* _YOUR ASSIGNMENT_:
Give back the data below word for word. Any image in it should be left out.

* _DATASET EXCERPT_:
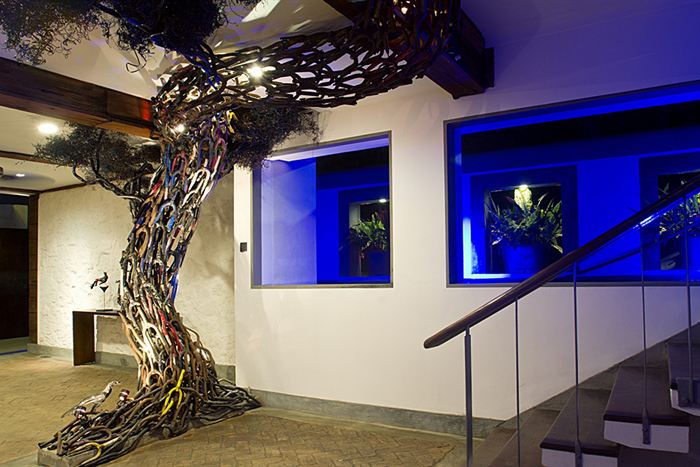 The tree sculpted from bicycle parts rising past a staircase inside Colombo Court.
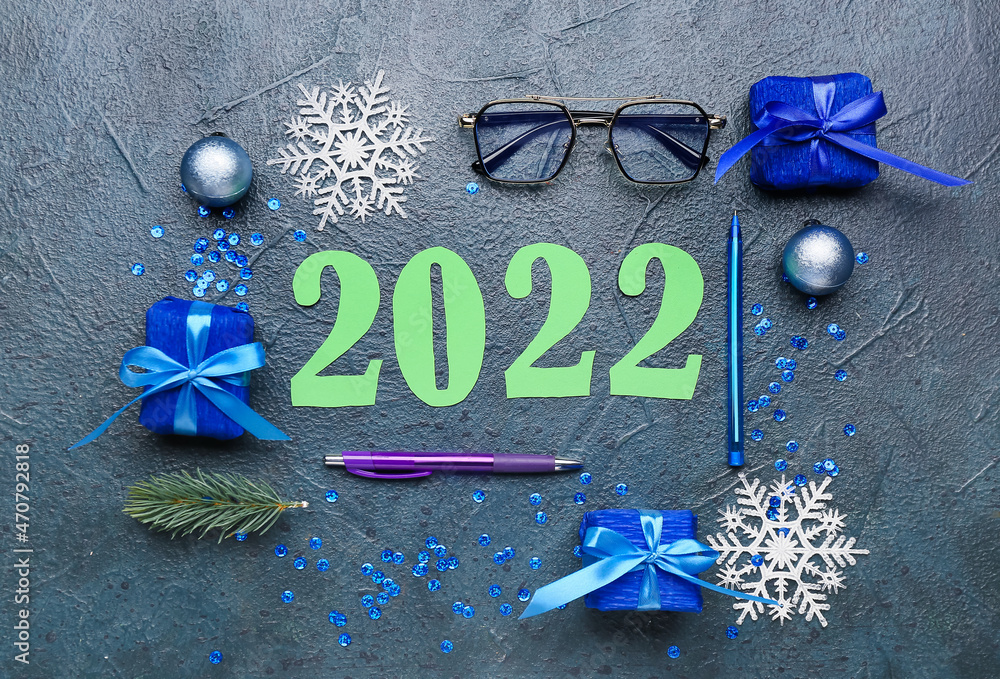 Figure 2022 with office supplies and decor on dark background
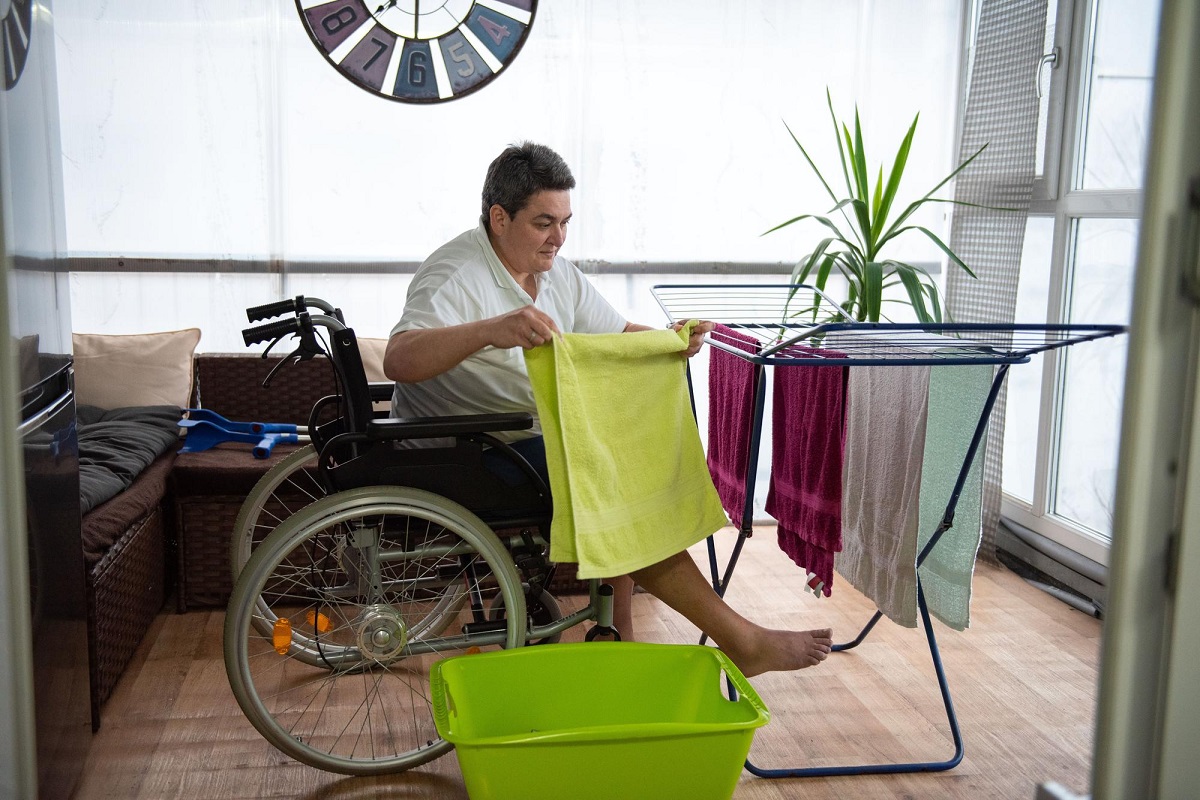persona con movilidad reducida tendiendo la ropa en un tendedero. Refleja una actividad de la vida diaria.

* _SOLUTION_:
 The tree sculpted from bicycle parts rising past a staircase inside Colombo Court.
 Figure 2022 with office supplies and decor on dark background
persona con movilidad reducida tendiendo la ropa en un tendedero. Refleja una actividad de la vida diaria.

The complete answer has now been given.